— Нет! Отряд подтянулся, — глухо доносился ответ.
И, преодолевая сопротивление пурги, медленно, тяжело отвоевывая каждый шаг, Мартьянов шел вперед, а за ним, борясь с неистовством природы и ночи, шагал отряд…
ГЛАВА СЕДЬМАЯ
Кругом дремала тайга. На востоке брезжил слабый рассвет: По небу плыли разорванные тучи. Они низко нависли над тайгой. Все еще не верилось, что пурга кончилась. Деревья, измученные ветром, отдыхали. Отряд, запорошенный снегом, спал. В козлах были расставлены винтовки, лыжи, лыжные палки, аккуратно сложена амуниция.
Дымили костры, утонувшие в глубоком снегу.

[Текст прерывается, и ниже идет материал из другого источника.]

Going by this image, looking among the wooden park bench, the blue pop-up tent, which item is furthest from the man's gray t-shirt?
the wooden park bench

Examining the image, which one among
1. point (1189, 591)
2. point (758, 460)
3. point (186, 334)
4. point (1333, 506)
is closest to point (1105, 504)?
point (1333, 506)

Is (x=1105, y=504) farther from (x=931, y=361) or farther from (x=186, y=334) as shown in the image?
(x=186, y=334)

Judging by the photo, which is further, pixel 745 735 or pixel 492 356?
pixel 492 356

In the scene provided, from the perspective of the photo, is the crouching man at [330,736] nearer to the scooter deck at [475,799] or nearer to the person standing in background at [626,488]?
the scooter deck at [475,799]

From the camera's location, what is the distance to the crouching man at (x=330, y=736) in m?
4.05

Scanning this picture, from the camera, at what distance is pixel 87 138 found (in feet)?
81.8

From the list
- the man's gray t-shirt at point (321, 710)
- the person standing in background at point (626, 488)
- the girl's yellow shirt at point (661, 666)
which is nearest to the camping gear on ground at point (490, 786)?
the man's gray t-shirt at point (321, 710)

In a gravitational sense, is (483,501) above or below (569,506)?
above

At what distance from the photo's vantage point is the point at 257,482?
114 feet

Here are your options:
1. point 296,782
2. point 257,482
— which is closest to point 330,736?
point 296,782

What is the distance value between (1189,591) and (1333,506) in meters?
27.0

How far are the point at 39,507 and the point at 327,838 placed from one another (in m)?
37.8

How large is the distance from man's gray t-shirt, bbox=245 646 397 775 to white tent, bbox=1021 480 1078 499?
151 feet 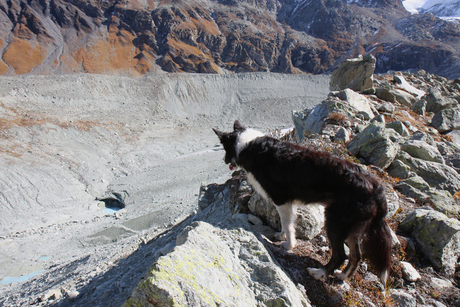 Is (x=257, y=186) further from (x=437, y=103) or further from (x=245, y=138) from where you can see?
(x=437, y=103)

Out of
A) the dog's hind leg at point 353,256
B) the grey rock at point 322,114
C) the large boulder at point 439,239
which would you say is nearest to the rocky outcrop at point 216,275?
the dog's hind leg at point 353,256

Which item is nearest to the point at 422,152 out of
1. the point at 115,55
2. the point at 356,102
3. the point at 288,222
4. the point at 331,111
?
the point at 331,111

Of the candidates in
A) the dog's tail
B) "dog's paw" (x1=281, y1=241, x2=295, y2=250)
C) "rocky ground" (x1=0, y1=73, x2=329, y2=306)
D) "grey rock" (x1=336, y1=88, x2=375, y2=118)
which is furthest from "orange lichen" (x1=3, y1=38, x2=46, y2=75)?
the dog's tail

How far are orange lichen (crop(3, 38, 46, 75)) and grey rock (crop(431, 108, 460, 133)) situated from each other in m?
64.0

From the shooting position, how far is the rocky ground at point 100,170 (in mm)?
7391

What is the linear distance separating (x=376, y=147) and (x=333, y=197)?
445 cm

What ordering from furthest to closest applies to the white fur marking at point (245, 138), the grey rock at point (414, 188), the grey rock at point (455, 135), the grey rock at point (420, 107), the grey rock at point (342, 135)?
1. the grey rock at point (420, 107)
2. the grey rock at point (455, 135)
3. the grey rock at point (342, 135)
4. the grey rock at point (414, 188)
5. the white fur marking at point (245, 138)

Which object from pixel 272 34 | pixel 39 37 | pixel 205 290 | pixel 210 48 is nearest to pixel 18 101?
pixel 205 290

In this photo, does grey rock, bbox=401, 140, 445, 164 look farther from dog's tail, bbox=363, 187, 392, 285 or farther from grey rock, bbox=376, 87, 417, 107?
grey rock, bbox=376, 87, 417, 107

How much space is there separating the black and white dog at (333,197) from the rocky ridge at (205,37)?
58.7m

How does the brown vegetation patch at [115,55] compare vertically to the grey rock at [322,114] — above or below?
below

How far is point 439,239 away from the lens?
409 centimetres

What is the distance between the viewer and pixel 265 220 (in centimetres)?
492

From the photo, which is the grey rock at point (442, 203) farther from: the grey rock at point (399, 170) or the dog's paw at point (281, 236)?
the dog's paw at point (281, 236)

Фиолетовыми лентами кверху поднимался едучий дымок. Дневальные, низко склонив тяжелые головы, боролись со сном, хотя утренний мороз щипал лица. Сигаков пытался считать до ста, но сбивался, как только переходил на шестой десяток. Веки смыкались, и сразу же голова падала вниз, и тело вместе с нею летело в бездну. Младший командир вскидывал голову. Не дремать! И снова начинал считать: «Раз, два, три… двадцать… сорок пять…» Сигаков старался шире раскрыть мутные глаза, но проходила еще минута, и веки опять смыкались. Тогда он вскакивал и начинал приплясывать. Он смотрел на соседние костры и видел, как Лепехин, назначенный дневальным, ходил среди бойцов. Сигаков тоже начинал обходить бойцов и смотрел на спящих. Сон отступал, как темень ночи перед утром, хотя голова была тяжела, как гиря, и тело охвачено ноющей усталостью.
Между козлами и кострами, словно на болоте кочки, расположилось по пять-шесть человек: кто сидя, кто полулежа, навалившись на плечо или спину товарища, засунув руки в карманы или в рукава полушубков, застегнув наглухо шлемы, намотав вокруг шеи шарфы, спрятав ноги в меховые мешки. Измученные бойцы спали. Одни из них были совсем неподвижны; другие взмахивали руками, даже во сне продолжая марш; третьи невнятно бормотали.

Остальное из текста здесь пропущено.